*** Records provided ***

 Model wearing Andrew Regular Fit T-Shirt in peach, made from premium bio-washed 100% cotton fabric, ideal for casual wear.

***
*** Records provided ***

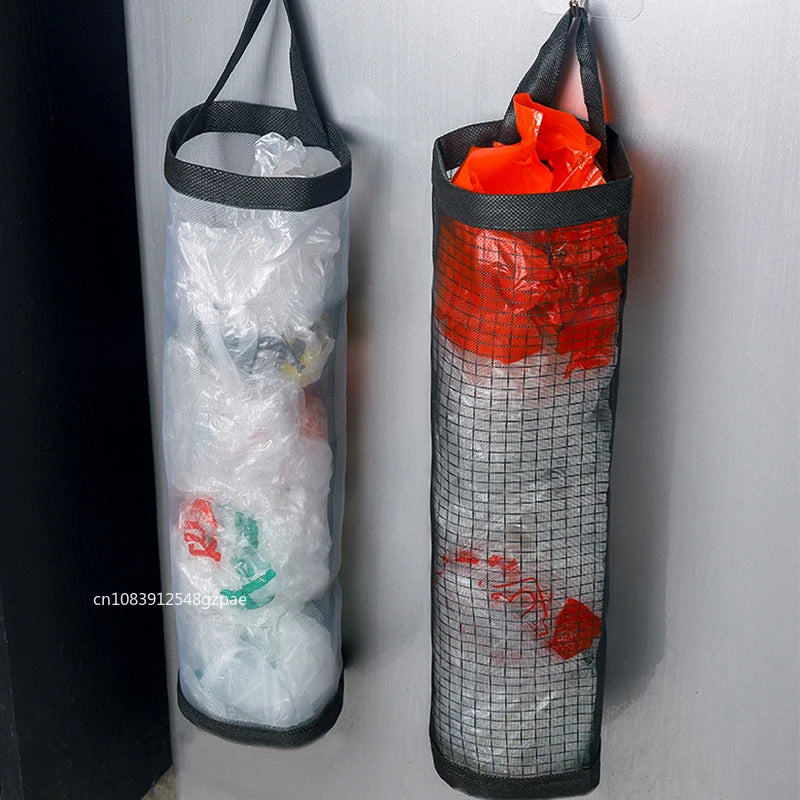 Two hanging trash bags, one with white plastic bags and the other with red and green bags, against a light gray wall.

***
*** Records provided ***

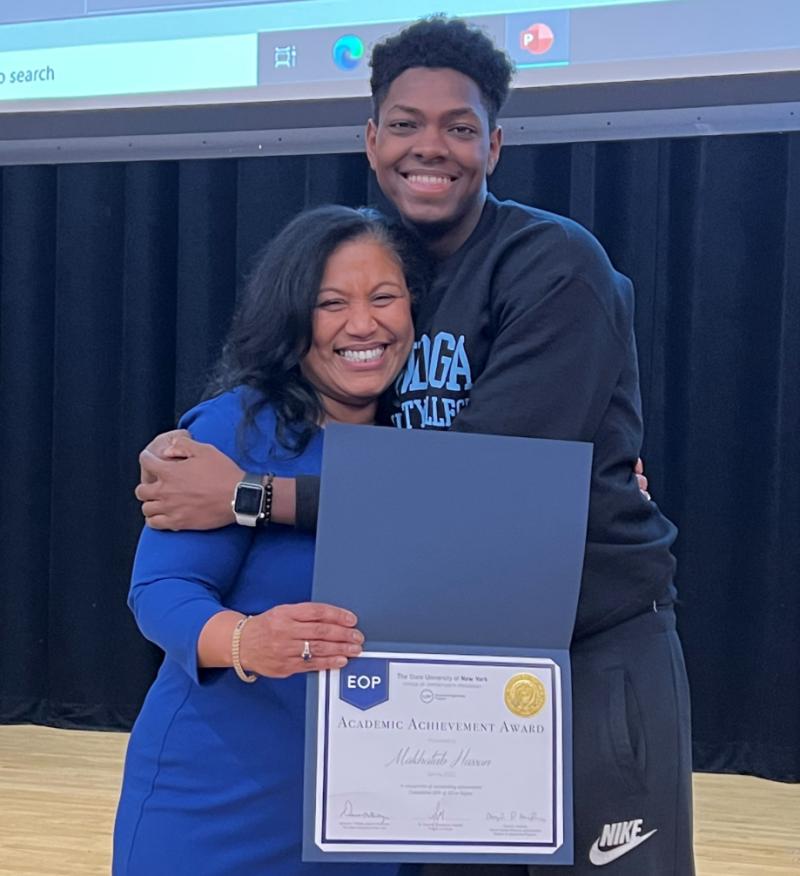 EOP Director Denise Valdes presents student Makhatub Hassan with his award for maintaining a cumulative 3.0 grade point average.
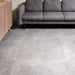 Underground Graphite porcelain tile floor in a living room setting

***

> [What this task involves]
In the listing above, the required lines run from the line with "EOP Director Denise" through the line with "Underground Graphite porcelain". Output exactly those lines, omitting pictures.

> [Written response]
 EOP Director Denise Valdes presents student Makhatub Hassan with his award for maintaining a cumulative 3.0 grade point average.
 Underground Graphite porcelain tile floor in a living room setting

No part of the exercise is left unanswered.